-- Available data follows --
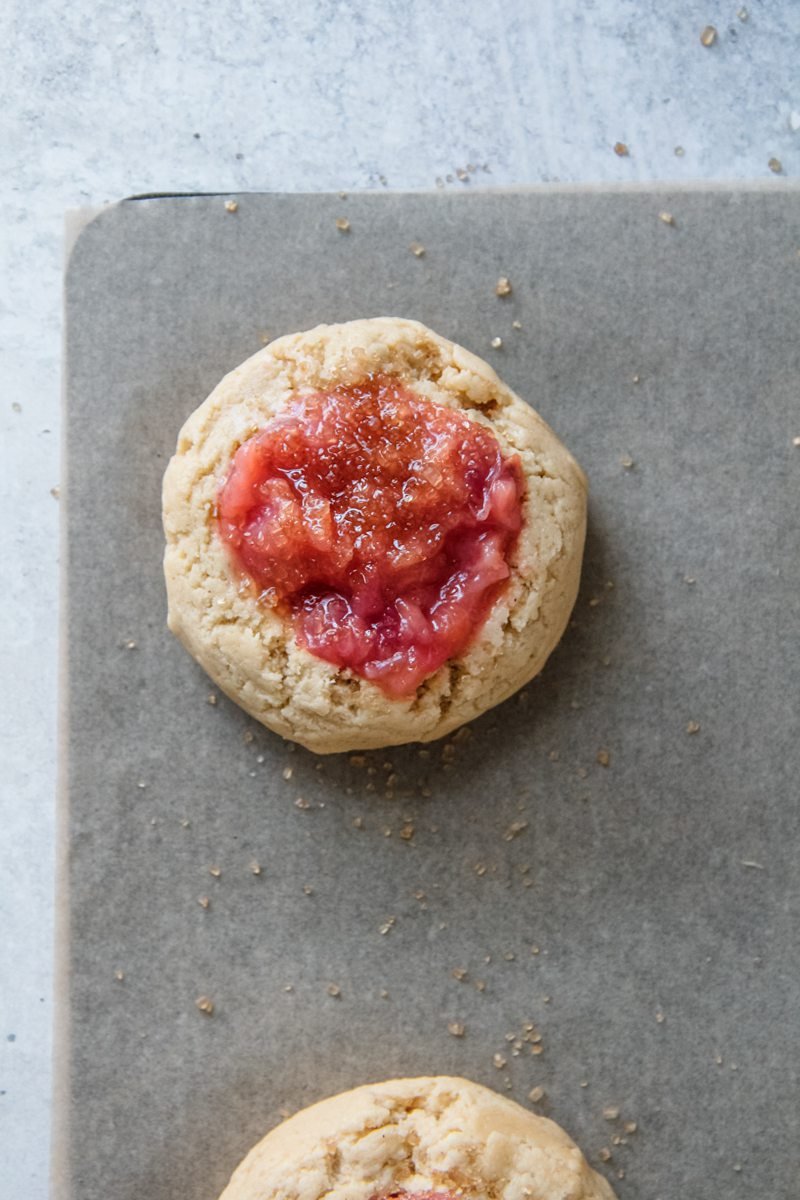 Peach jam sits in the center of cookie dough on a baking tray.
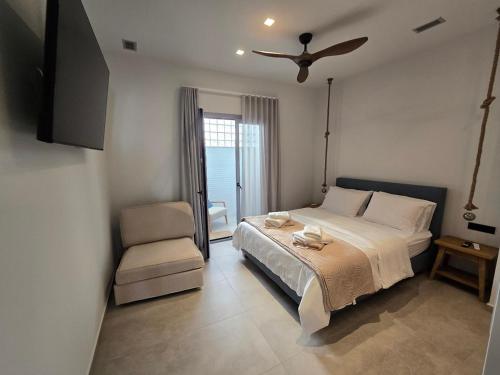 a bedroom with a bed and a ceiling fan at Ilia Suites "Thalassa" in Ilia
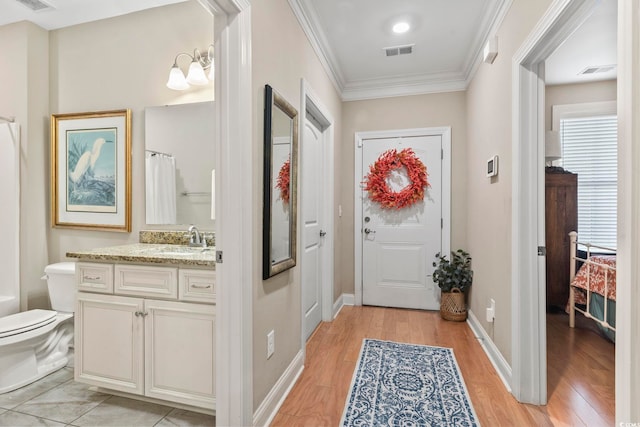 doorway to outside featuring ornamental molding, light hardwood / wood-style floors, and sink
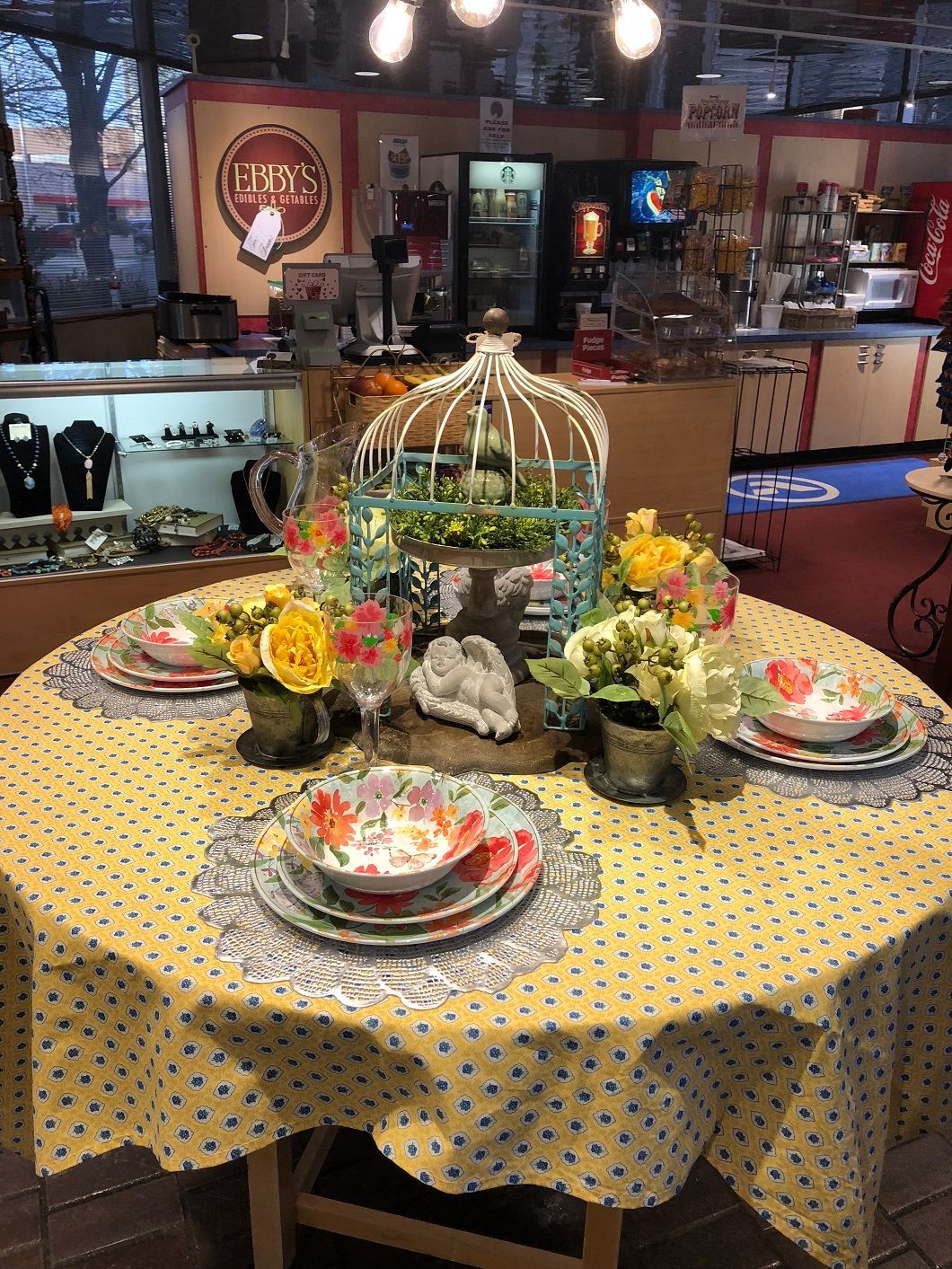 Decorated dining table with floral centerpiece and colorful plates in a restaurant setting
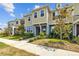 Inviting townhome exterior featuring lush landscaping, sidewalk, and neutral color palette on a sunny day at 5170 Sea Mist Ln, Wesley Chapel, FL 33545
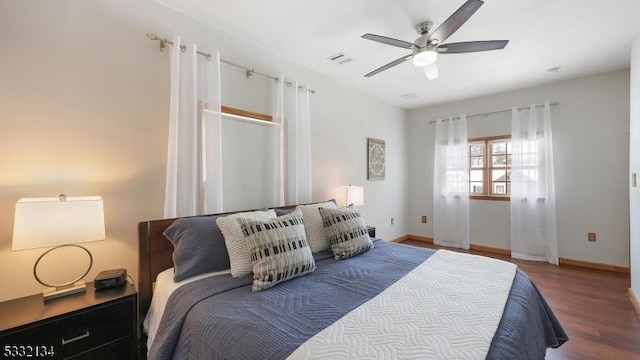 bedroom featuring ceiling fan and hardwood / wood-style floors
-- Available data concluded --
◆ What you should do
Exactly the lines from the top of the entries through the line with "Decorated dining table", inclusive, must be given again, with every picture omitted.

◆ Result
 Peach jam sits in the center of cookie dough on a baking tray.
 a bedroom with a bed and a ceiling fan at Ilia Suites "Thalassa" in Ilia
 doorway to outside featuring ornamental molding, light hardwood / wood-style floors, and sink
 Decorated dining table with floral centerpiece and colorful plates in a restaurant setting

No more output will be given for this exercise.